Probability and information

What a probability means

Connecting probability and number theory

Thanks!

why is it that a Carmichael number has to be a compositie of at least 3 prime numbers?

Thomas: I don’t know the answer to your question, but here’s a different form of your question that may be easier to prove.

Claim: If p and q are distinct primes, there exists a number a not divisible by p or q such that a

^{pq-1}is congruent to 1 mod pq.I don’t have a proof for this. Maybe it has something to do with φ(pq) = (p-1)(q-1) and Euler’s generalization of Fermat’s theorem: a

^{φ(n)}is congruent to 1 if a is relatively prime to n.John, I have never seen your claim, much less a proof.
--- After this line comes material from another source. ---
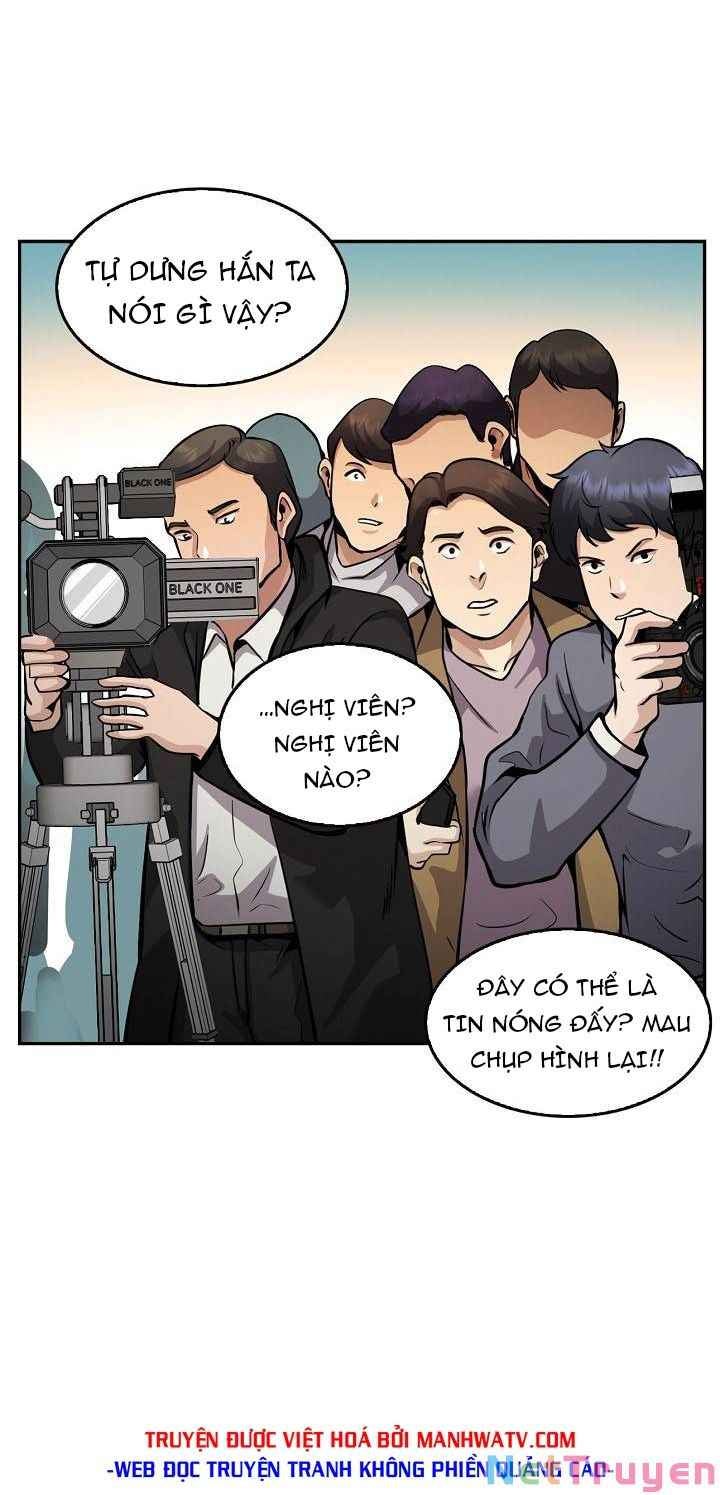 Điều Tra Viên Chuyển Sinh - Page 73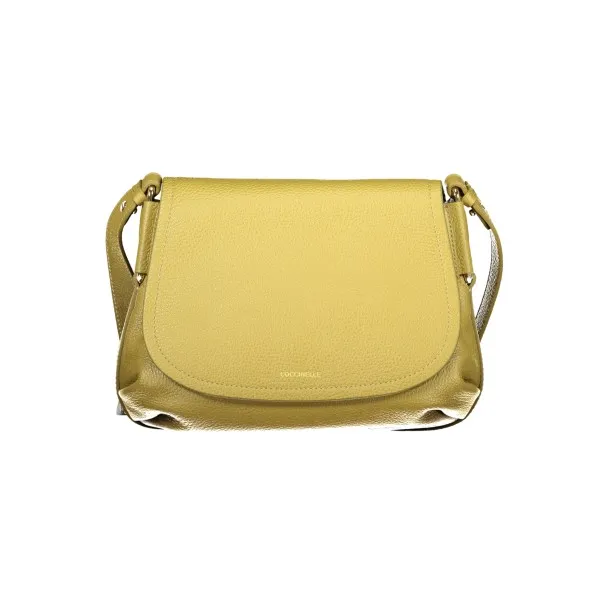 SAC VERT POUR FEMME COCCINELLE - COCCINELLE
Thanks anyways though.

I have come to believe that a lot of the frequentist/bayesian debate is due to the lack of a solid definition for “random sample.” Let f be the standard normal distribution on R. Then x in R is a “random sample” with respect to f if… if what? What is the definition? I have a 200-digit number written down on a piece of paper. I assume it to be a random sample from the set of all 200-digit numbers. Does such a statement have any meaning? I could see that if you had an infinite sequence of x’s, then you *might* be able to start to make such statements meaningful. But a single number?

Look up “random sample” on Wikipedia: “A random sample is one chosen by a method involving an unpredictable component.” So helpful! Reading the article gives me the impression that the entire concept is built on sand.

Dear Thomas (and other people caring why pq with p and q prime is never a carmichael number),

I just posted a one-line proof here: http://bylosingallgenerality.wordpress.com/2010/10/14/a-carmichael-number-has-at-least-3-prime-divisors/

The frequentist interpretation of the randomized primality tests can be better done in the language of statistical tests, i.e. null hypothesis vs alternative.

So the null-hypothesis is that your number is composite. Then you do a lot of primality testing. Afterwards you can say that you can reject the null hypothesis with some confidence. Interestingly one failing primality test will instantly verify the null hypothesis.

SteveBrooklineMA, I somewhat agree with your notion. I guess that’s why our professor who read probability theory in a frequentist fashion carefully avoided relying on a definition of random sample. All we did was talking about probability distributions and integrals over them.

Another way to look at the difference between frequentists and bayesians is to look at how they treat parameters: Bayesians believe that all parameters also have a probability distributions, while frequentists invent notions like likelihood to cope with their refusal to assign probalitities to parameter values. I can sympathize with both of them.